Nils Critiques the MH370 WSPR Aircraft Scatter Theory

For some time now there has been chatter about the possibility of using WSPR logs to help track the mysterious disappearance of flight MH370. WSPR or the "Weak Signal Propagation Reporter" is a protocol typically used on the HF bands by amateur radio operators. The properties of the protocol allow WSPR signals to be received almost globally despite using low transmit power.  Amateur radio operators use it for making contacts, or for checking HF radio propagation conditions. MH370 is a flight that infamously vanished without a trace back in 2014.

The theory proposed by aerospace engineer Richard Godfrey is to use logs of sent and received WSPR transmissions that may have intersected the potential flight path of MH370, and to look for potential reflections or 'scatter' in the signal from the metal aircraft hull. From the reflections an approximate track of the aircraft could be calculated much in the same way that bistatic over the horizon radar systems work.

While it is an exciting theory, it is unfortunately considered by most experts as highly unlikely to yield any suitable results with the main problems being WSPR transmission power too weak to detect reflections from an aircraft, and the effect of the ionosphere too difficult to account for. 

Over on his blog Nils Schiffhauer (DK8OK) has posted a thorough critique of the idea, explaining the theory, technical details and difficulties in depth, ultimately coming to the conclusion that the idea is based more in wishful thinking than in fact. Nils summarizes:

Time and again, there are news stories in the professional and popular press about the fact that log data from the WSPR data network can help locate aircraft. In particular, the effort is to determine the actual crash site of flight MH370. This effort essentially amounts to detecting "unusual" level jumps and frequency changes ("drift") in the archived WSPR log data and attributing them to reflections from specific aircraft ("aircraft scatter").
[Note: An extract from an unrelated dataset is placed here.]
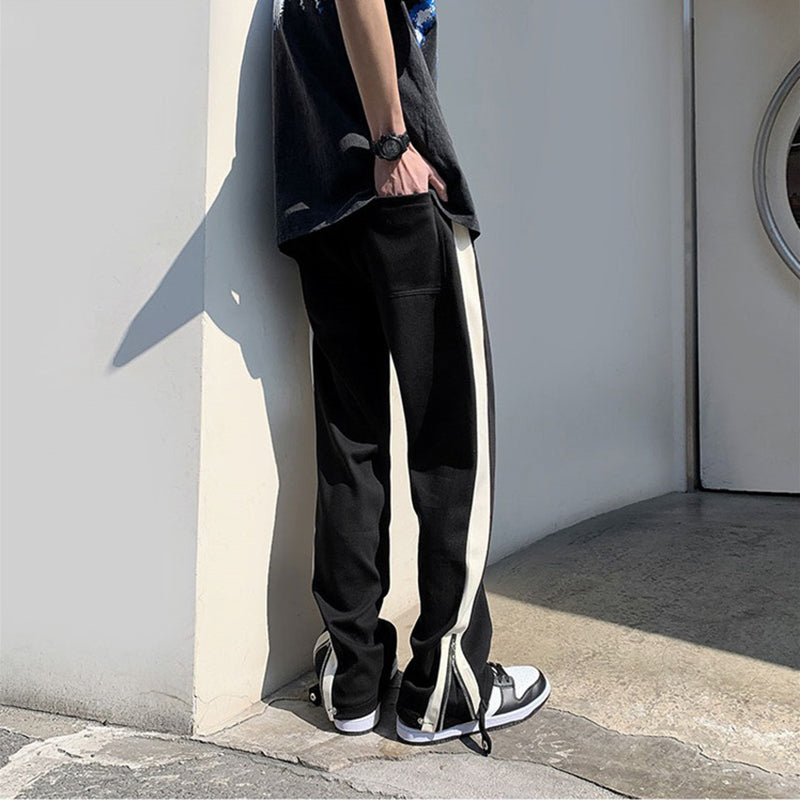 Men's Ins Trendy Patchwork Contrasting Color Zipper Slit Pants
In a blog entry, Nils Schiffhauer, DK8OK, for the first time critically evaluates this theory. On the one hand, this is based on years of observation of aircraft scatter on shortwave as well as an investigation of about 30 Doppler tracks. The results of this complex analysis of more than 10,000 data in one example alone are sobering: The effects of aircraft scatter on the overall signal are almost always well below 0.3 dB.

To prove a correlation between level changes of the overall signal and aircraft scatter seems hardly possible on the basis of the WSPR data material. The reasons are manifold, but lie mainly in shortwave propagation, where level changes of 30 dB within a few seconds are the rule rather than the exception.

However, since the local and temporal state of the ionosphere is not known in previous investigations on the WSPR data material - it is recorded in parallel in professional OTH radar systems and calculated out of the received signal - level jumps can hardly be clearly assigned from the sum signal alone. This finding is supported by further arguments in the blog:
https://t1p.de/t5kr

Nils demonstrates aircraft scatter on China Radio International, a 500kW transmitter.

5 comments

  1. JamaicaJoe

    I have serious doubts that the MH370 crash was anything but an accident.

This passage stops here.